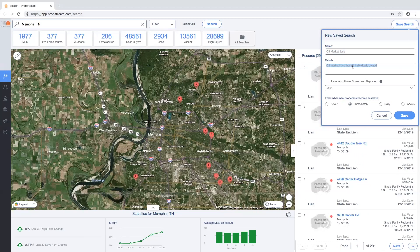Next you'll have the option to replace any of the canned searches. To do so, check off the option to include on home screen and replace, followed by the canned search you want to replace.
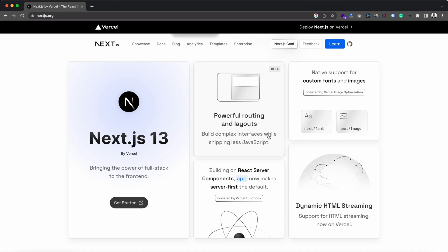Hey guys, welcome back to my YouTube channel. Today in this tutorial I am going to talk about NextJS 13. As you guys already know, NextJS has released its next version which is NextJS 13, and with this version NextJS is going to change many fundamental things. So today I am going to discuss a few major changes.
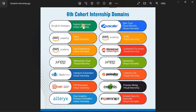The first one is Android Developer Virtual Internship — virtual means online internship — and this internship is offered by Google. The next one is Zero Trust Cloud Security Virtual Internship offered by Zscaler. Then Cloud Virtual Internship offered by AWS Amazon Web Services, and the AIML Internship also by AWS.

### [WORK TO BE COMPLETED]
Output the full material above exactly, leaving every picture out.

### [SOLUTION TO THIS PROBLEM]
Next you'll have the option to replace any of the canned searches. To do so, check off the option to include on home screen and replace, followed by the canned search you want to replace.
Hey guys, welcome back to my YouTube channel. Today in this tutorial I am going to talk about NextJS 13. As you guys already know, NextJS has released its next version which is NextJS 13, and with this version NextJS is going to change many fundamental things. So today I am going to discuss a few major changes.
The first one is Android Developer Virtual Internship — virtual means online internship — and this internship is offered by Google. The next one is Zero Trust Cloud Security Virtual Internship offered by Zscaler. Then Cloud Virtual Internship offered by AWS Amazon Web Services, and the AIML Internship also by AWS.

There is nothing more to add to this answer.